In 1998, Peter received the Silver Award at the annual NAHB convention in Dallas for the Best attached Community Development in the United States priced under $150,000. The award was given for a project in Port Jefferson Station called "Stonington." In addition, the project received two regional Gold awards, one for logo design and another for brochure design.
The awards are sponsored by the NAHB’s Sales and Marketing Council and are referred to as "MIRMs."
It was the second time that Peter, a member of the Long Island Builders Institute, received a runner-up award. In 1986, he received a Silver Award at the NAHB convention again in Dallas for Carriage Hill Estates, a 51-unit luxury home development in Melville, NY.
At each convention awards are given out in recognition for advertising, brochures, logo designs, interior merchandising, sales offices, landscape design as well as taking note of the country’s top new sales and marketing people.
Peter, a builder with Sea Crest Development, also built a 33-unit condominum called Landmark Colony in Oyster Bay around the home of Ethel Roosevelt Derby, the daughter of President Teddy Roosevelt.

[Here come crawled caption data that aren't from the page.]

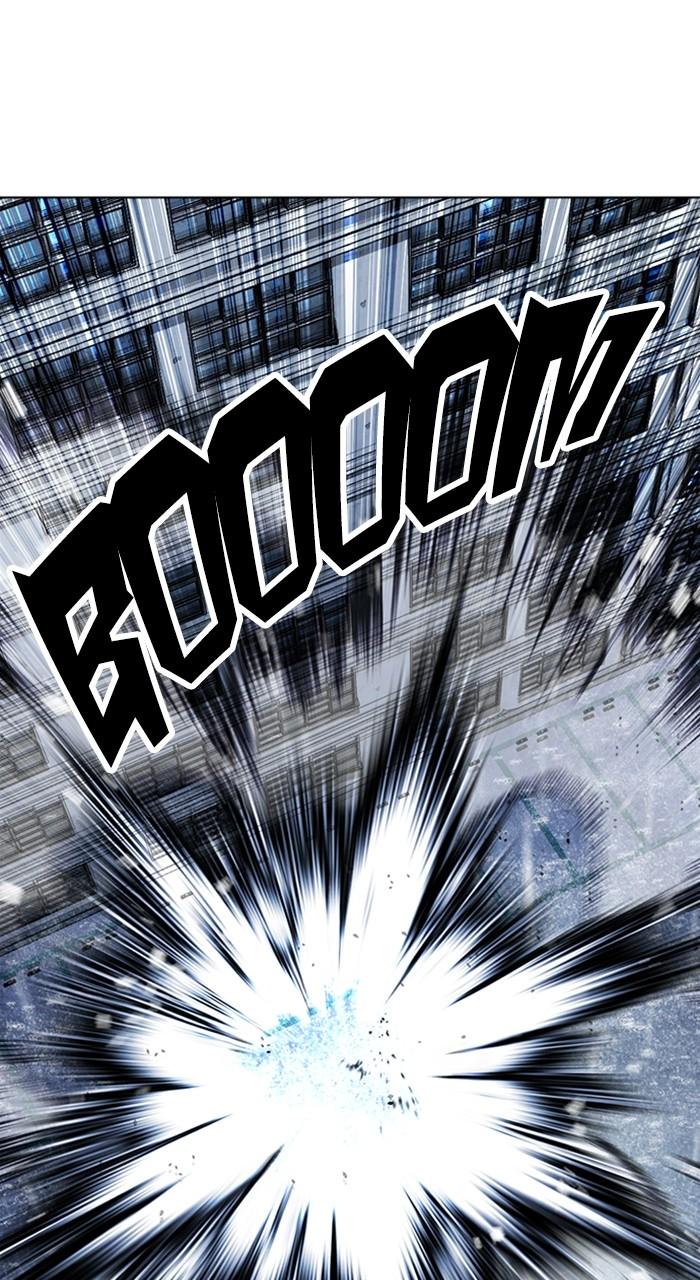 Lookism Chapter 515 — page 89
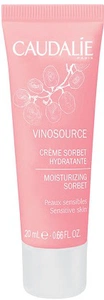 Caudalie Vinosource Moisturizing Sorbet (Discontinued)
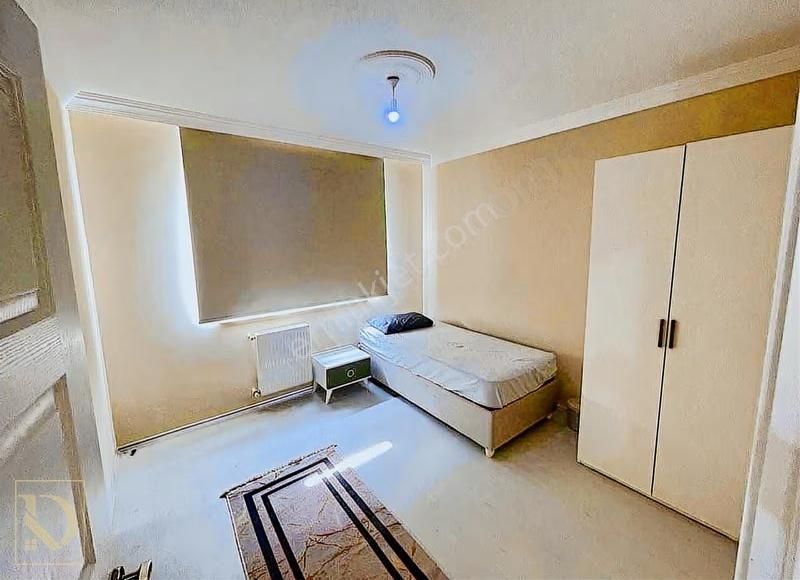 Detay'dan Arsin'de Fırsat Daireler - Görsel 9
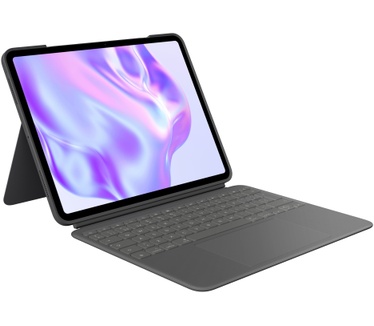 Logitech Combo Touch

But it was at the l998 convention in Dallas that the idea for the LIBIs came up. With Bob Wieboldt attending the convention and witnessing the ceremony, a discussion followed that suggested a plan to give greater exposure to members of the Long Island Builders Institute through the introduction of an awards ceremony. Thus was born the LIBI Awards.
The LIBI Awards were started in 1999 when close to 400 members of LIBI were jammed into the Milleridge Cottage in Jericho and took more than two hours. The ceremony has now shifted to the Huntington Hilton. Since then, due to the introduction of carefully edited video entries, the awards program itself takes one hour. It is then followed by dinner.
The management of this major builders’ event is still in the hands of Peter and Bob Wieboldt and still going strong.